Our current moment has a strange interplay of apparently opposite attitudes to Christianity which don’t fit easily into the pre-existing categories of “religious” vs “secular”. There are contradictory ways in which Western societies are becoming both less-religious and more Christian at the same time, suggesting Christianity in this century might look rather different to the last.
Everybody knows there’s a significant decline in religious practice among Christians, but anybody interested in this phenomenon also knows there’s marked growth in the intensity of the faith espoused by those who believe, especially among the young. Similarly, while we might expect the general culture to be less Christian than ever before, a great many social issues simply can’t be understood in secular terms any more — from populism to the culture wars to battles over identity and nationhood.

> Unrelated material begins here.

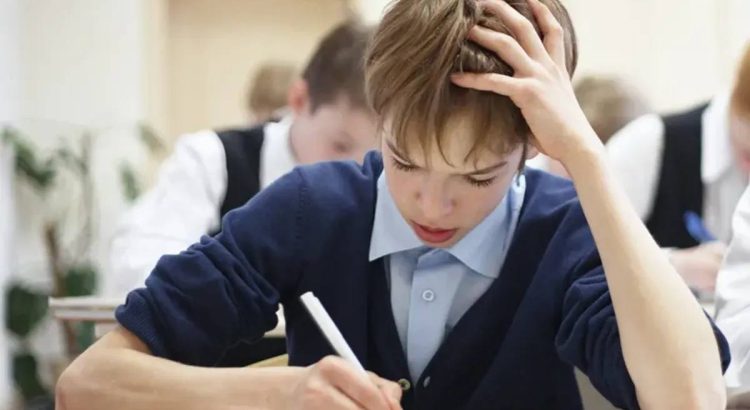 آیا آی کیو مهم است؟ تاریخچه تاریک تست‌های هوش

Christians have been rediscovering their own traditions anew, much less accommodatingly and fearfully than prior generations
Then there’s the fact of what might be called Christianity’s “cultured admirers” — commentators hugely impressed by certain elements of the faith, but only some of whom actually practice it. Such people are non-believers who are not in any sense “secular” — that is, not having a secular view of the world or of human society — yet in some cases not having faith either. In short, people are less likely to be religious today — but today is also a time which is less secular than any period since perhaps the immediate post-war years.
Added to all this, there are occasional issues where Christian and non-religious concerns interplay and overlap. The most obvious example is the resistance to gender ideology, where pre-trans-style lesbian activists have found common cause with the Christian faithful, in ways that were unthinkable just over a decade ago.

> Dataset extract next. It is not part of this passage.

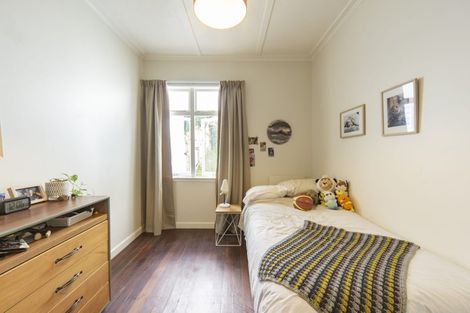 Photo of property in 33 Myrtle Street, Hamilton East, Hamilton, 3216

The discourse about the Terminally Ill (End of Life) Bill, due to be debated in parliament this Friday, can perhaps be considered another point of overlap — albeit without anything like the same level of controversy and threatened social ostracisation. Maybe this sort of alliance of viewpoints between, say, Diane Abbott or Wes Streeting on the one hand, and Edward Leigh or most faith leaders on the other, is particularly intimidating to those who yearn for the old “religious vs secular” paradigm — and this is why the very fact of people having religious concerns at all has itself been criticised as something unacceptable.
The Observer ran a piece which went for a sort-of guilt-by-association-with-other-causes approach, such as is commonly levelled at gender critical feminists. The piece alleged that anti-euthanasia campaign groups were hiding financial links to conservative Christian groups, who also oppose things like “abortion, sex education, gay marriage and broader LGBTQ+ rights”.
Humanists UK sprang into action to report on that story, but dropped by the guilt-by-association bit simply to criticize the groups mentioned for allegedly hiding their religious links, with their chief executive Andrew Copson saying “it is worrying that the concealed agendas of some others may mislead MPs and undermine the deliberative democratic process”.
Earlier this month, the Cardinal Archbishop of England and Wales, Vincent Nichols, spoke out against Dame Esther Rantzen for complaining about people having religious motivations at all — even when expressed openly — after she said that Nichol’s being guided by faith shouldn’t mean he can “impose his faith on those who do not share it”. Rantzen was backtracking to the old secular paradigm, where religion itself is always a problem when it ceases to be mere private choice.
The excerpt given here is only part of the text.